2. Cultivate motivation for learning.

“Kids who are in classes where they're bored out of their minds, they're not learning anything, their motivation is not being cultivated.”

“If you have a kid who's in a class, and they can do the work so easily that they never have to put forth the effort, that is not a good thing. Because what the kid learns is....... being smart means never having to work hard.”

3. Build important habits and skills, through appropriate challenges.

“When the work does get hard, and eventually it does for everybody....they don't know what to do. They don't know what to do, and instead of digging in, and putting forth more effort, they might turn away from their skills and abilities, and that's lost talent.”

“If we provide the right level of challenge for kids, it cultivates lots of skills like, having to study, having to learn how to study, having to accept failure, having to focus on deliberately striving for improvement, those are all important skills. That’s what we want kids to learn.”

4. Help child recognize her aptitudes, interests and personality - Critical Parent Role.

“It behooves parents to view their child as having the potential for future achievement, but also that that in order to get there.... it's a process of developing that potential through opportunities, through their parenting, through the messages and values that they convey.”

“Parents should see their child in multiple contexts,... teachers only see the child in school. That's why parents, research shows, are better identifiers of giftedness, than teachers. Because if a child's not performing in school, that doesn't mean they're not doing a lot outside of school. So what parents can look for is to provide opportunities....... taking them to a concert or taking them to a museum or reading books with them or dancing with them or whatever. They don't have to over schedule them into a lot of activities. But they should provide stimulation and things to notice their kids who are, you know, very verbally adept, very curious, kids who notice like mathematical things……”

5. Actively consider out-of-school programs and expert mentoring to complement effort of parents and schools.

“The other thing I would say to parents is sometimes kids are not that engaged in school learning. And so it's hard to get a sense of their interests from school. Maybe they do well in every subject, you know, so you don't know what's really fueling their soul. So I would say to parents, if at all possible, let your child go to outside-of-school programming. Because there, they choose something they're interested in and let them choose something they want to study. Maybe they change their mind after that one experience, but at least it gives them a clue about what their interests are, and maybe what they want to pursue and what they're good at.”
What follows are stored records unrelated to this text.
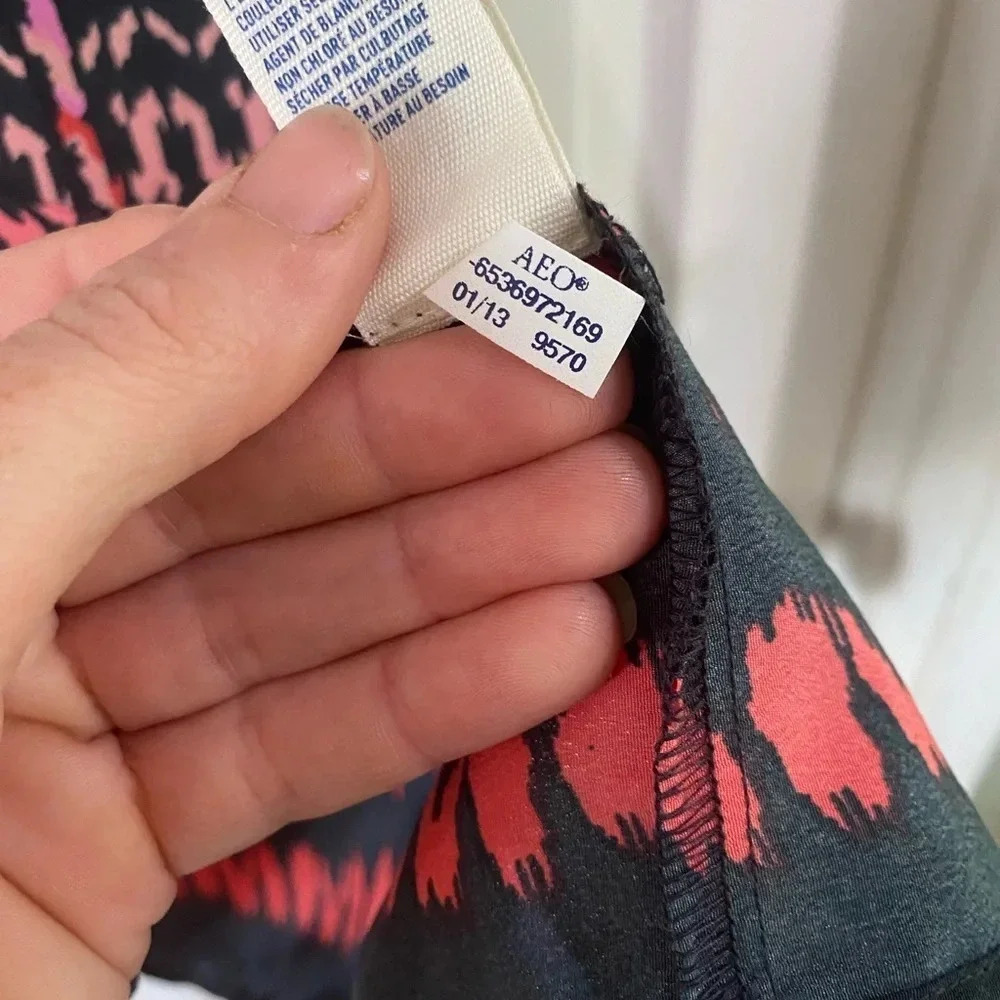 American Eagle Womens Size 6 Dress Spaghetti Strap Colorful Aztec Mini - Picture 8 of 13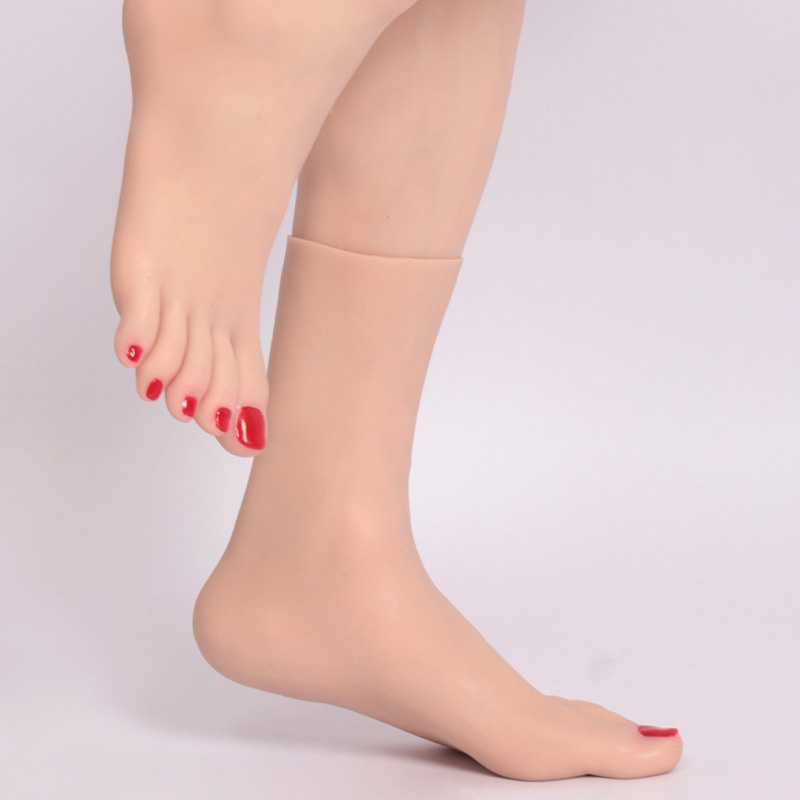 Roanyer’s New Silicone Foot Sleeves – Try Them Now!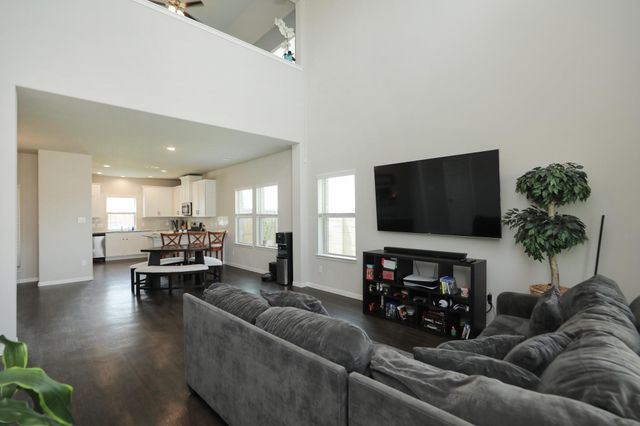 2401 Sequoia Grove Drive, Rosharon, TX 77583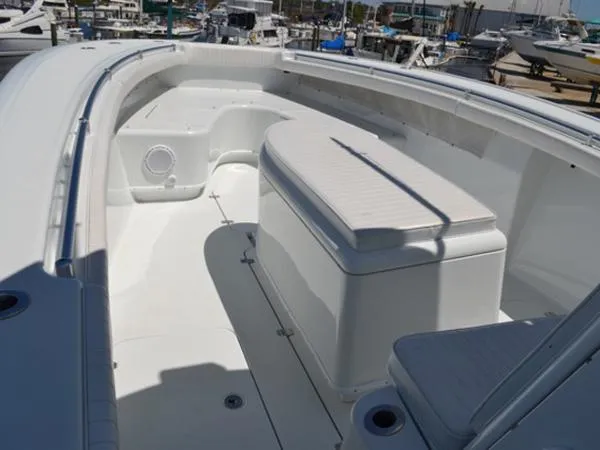 Slide: The Image of Yellowfin 34 Center Console 2007 - 1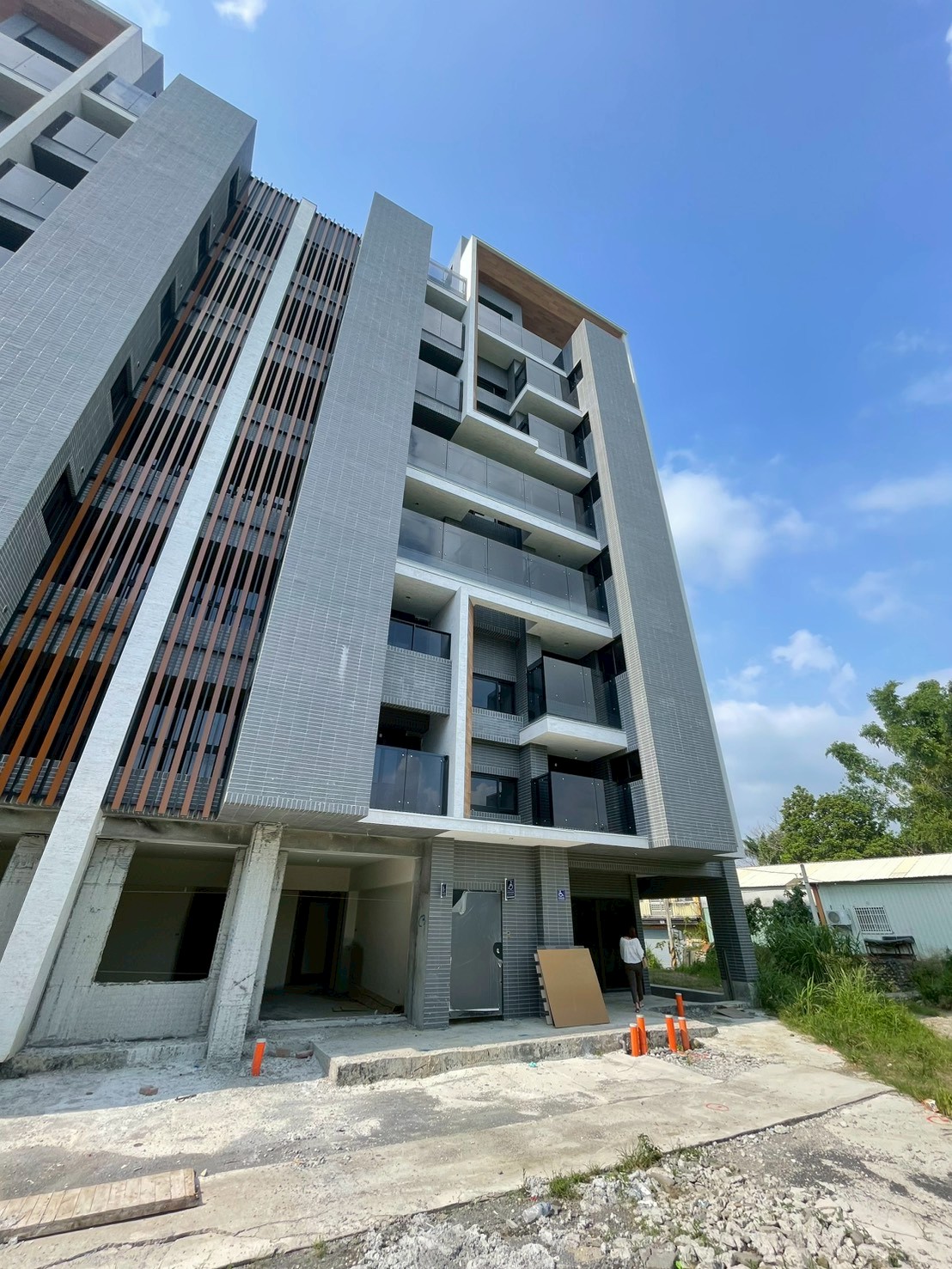 Baiju Xunyuan, Taichung — 2 bedrooms, 2 living areas, 1 bathroom, with flat parking space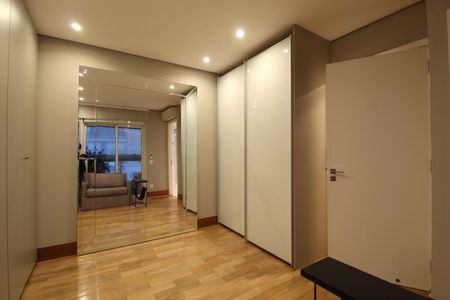 Apartamento para alugar com 134m², 2 quartos e 2 vagasSuíte 1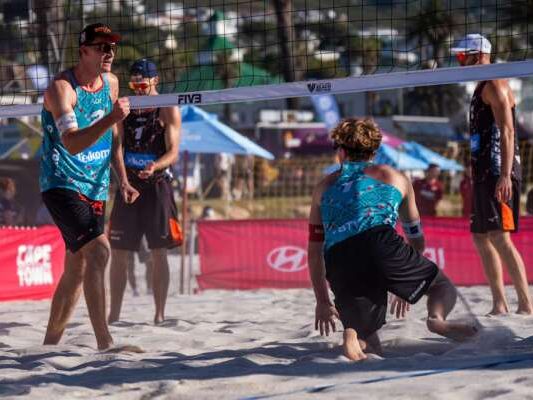 Hammarberg-Berger-mit-erstem-Sieg-bei-Beach-Volleyball-WM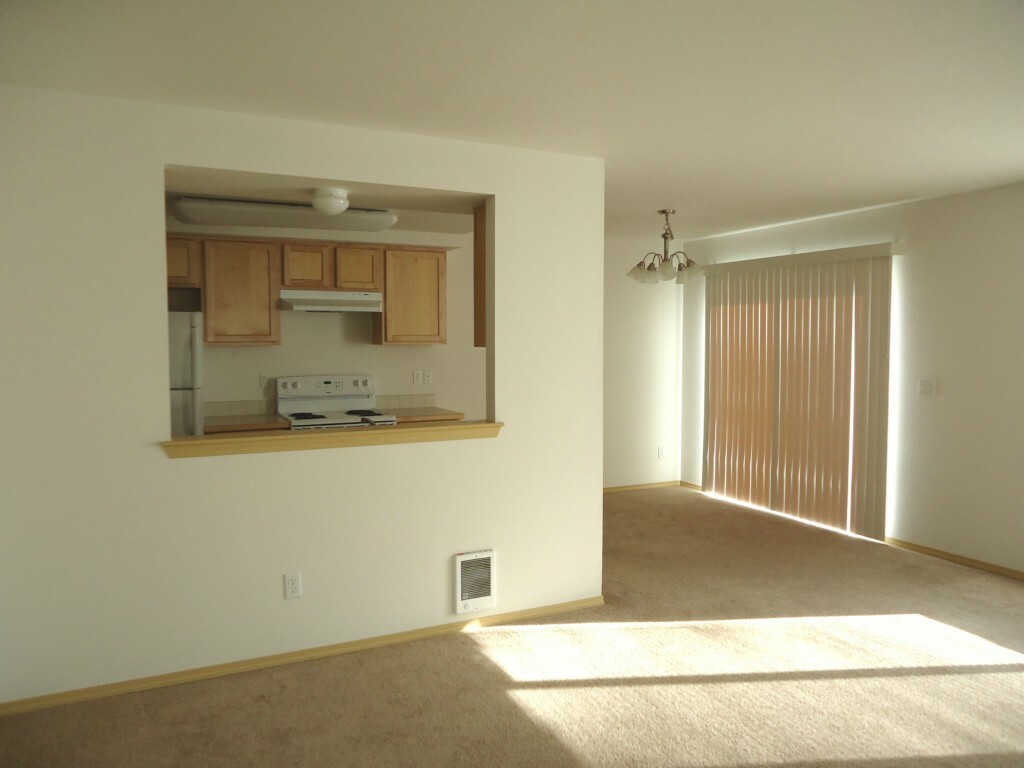 Property Photo:  1310 Third St SE  WA 98002 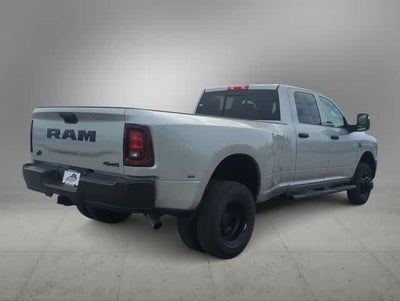 2026 RAM 3500 RAM 3500 TRADESMAN CREW CAB 4X4 8' BOX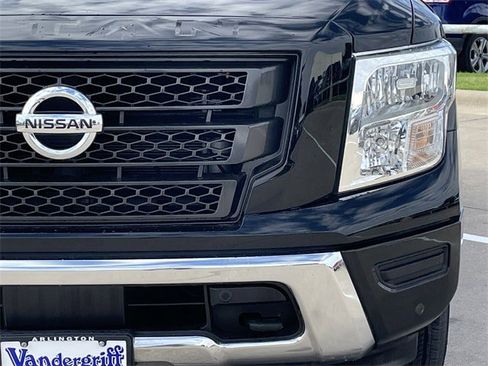Used 2021 Nissan Titan SV w/ SV Convenience Package image 8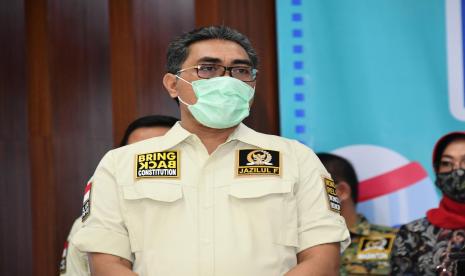 Wakil Ketua MPR Jazilul Fawaid, dalam sebuah acara yang disiarkan secara langsung, di Jakarta, Rabu (22/4), mengatakan dalam menghadapi pandemi Covid-19, MPR bersama dengan BPIP, perusahaan jasa, organisasi massa, dan komponen masyarakat lainnya, bahu membahu bersatu untuk membantu mayarakat yang terdampak pandemi Covid-19.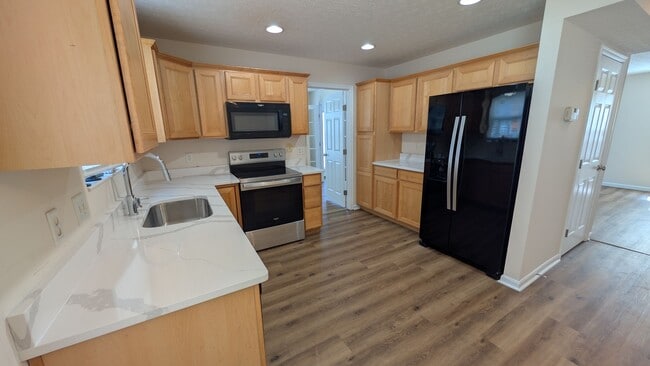 Building Photo - 4BR/2.5BA Middletown Home - Study with French Doors - Pond View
Paula talking about her own experience as a undergraduate student with a History professor and the importance of expert mentoring-

“So I had to read five journal articles on a particular subject and mine was something on the Civil War. But what was so interesting was the methods of Historians on how they gathered evidence by looking at artefacts and kind of, triangulating to make sure that what they thought was, there..... was really true. And this experience .... gave me a sense of their methods. And so that happened for me in college. How cool would it be if students in high school had an experience where they learned how historians come to the conclusions that they come to how they do research?! So that's where experts can help kids. And that's so, so motivating to learn that, you know, it would really turn on kids to going into that deal. So that's why I think experts can help.”